Alongside the mystery plays were morality plays such as Mankind [which Philip directed in a new production at Hull in 2010]. In this the audience witnesses a carnivalesque pyschomachia, or battle of good and evil for the soul, but in the process finds itself sympathizing with evil in this sophisticated drama.
The Reformation
One thinks of the Reformation as ushering in a period of kill-joy censorship of the stage, especially of the theatrical portrayal of religious subjects. (One is reminded of Sir Toby Belch’s mocking question to the puritan Malvolio in Twelfth Night, ‘Dost thou think, because thou art virtuous, there shall be no more cakes and ale?’) But the true picture is more complex than that. For instance, Marlowe’s Dr Faustus can be interpreted in purely Protestant terms (the mockery of the pope and of friars; the allusion to the existential despair engendered by the Calvinist doctrine of predestination). But it also contains a traditional, Catholic, psychomachia between good and bad angels. Shakespeare himself is often presented as a playwright with little interest in religion, but in fact his plays are steeped in biblical and theological allusions. For instance, Hamlet’s famous question, ‘What a piece of work is a man?’, can be seen not only as invoking Psalm 8 but also the Renaissance debate over the dignity of man.
The modern era
Despite the decline of Christianity’s influence in the West following the Enlightenment, playwrights of the modern era have continued to draw heavily upon Christian themes. This is exemplified by the work of two of the most influential Irish playwrights of the twentieth century, Sean O’Casey and Samuel Beckett.

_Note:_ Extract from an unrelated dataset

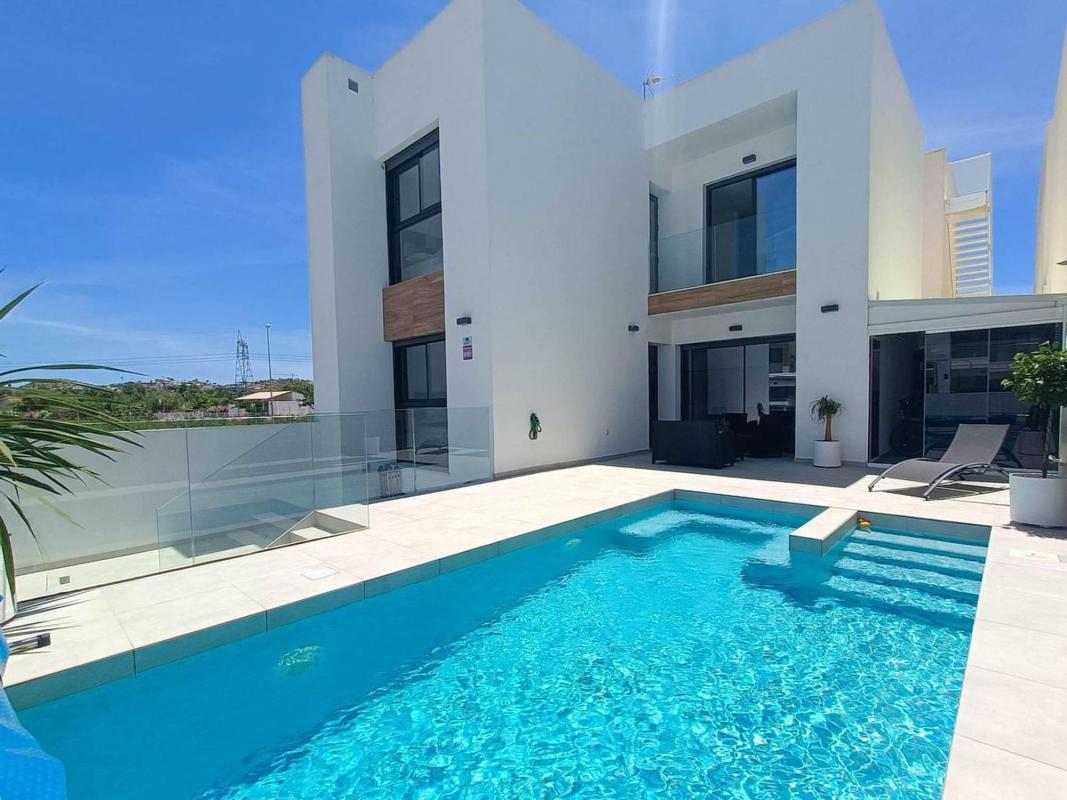 Продажа отдельного шале в Casa o chalet en Formentera del Segura, Форментера дель Сегура photo 1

O’Casey (a Protestant by upbringing but also an Irish nationalist) uses his famous play Juno and the Paycock to explore an age-old theme, the impact of tragedy on people’s faith. For Mrs Tancred, the death of her son destroys her faith (‘O Blessed Virgin, where were you when me darlin’ son was riddled with bullets?’), while for the heroine Juno her own son’s death leaves her faith unshaken (‘What can God do agen the stupidity of men?’).

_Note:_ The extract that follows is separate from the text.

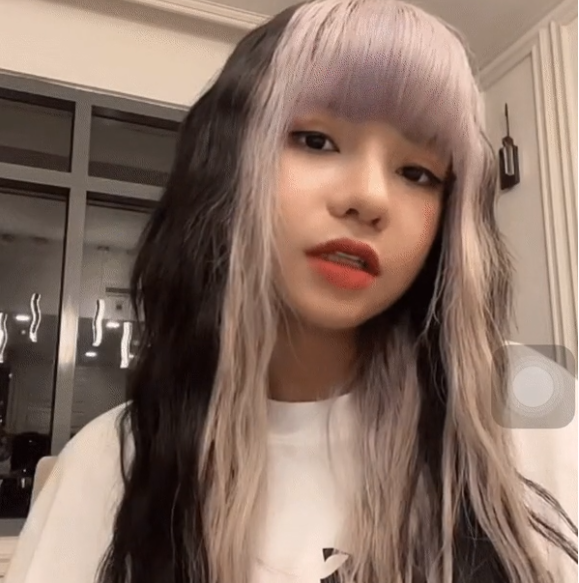 Mới đây vào tối ngày 8/5, gái xinh này đã lần đầu tiên livestream sau khi sửa mũi. Tại đây cô nàng chia sẻ về chuyện dao kéo và giải đáp nhiều thắc mắc của cư dân mạng.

Religious themes are if anything even more pronounced in the work of Beckett, who like O’Casey was also born into a Church of Ireland family. Waiting for Godot is full of such allusions. The title itself suggests that the characters are searching for God, undergoing a dark night of the soul. Estragon and Vladimir refer to the thieves crucified either side of Christ, and the on-stage tree/cross reinforces this identification. Winnie, the buried heroine of Happy Days, represents a Job-like figure, while in Endgame the characters’ names echo the ironmongery of the crucifixion: Hamm = hammer; Clov = clou, French for nail, and so on. No wonder that Beckett once wrote, ‘In the beginning was the pun’.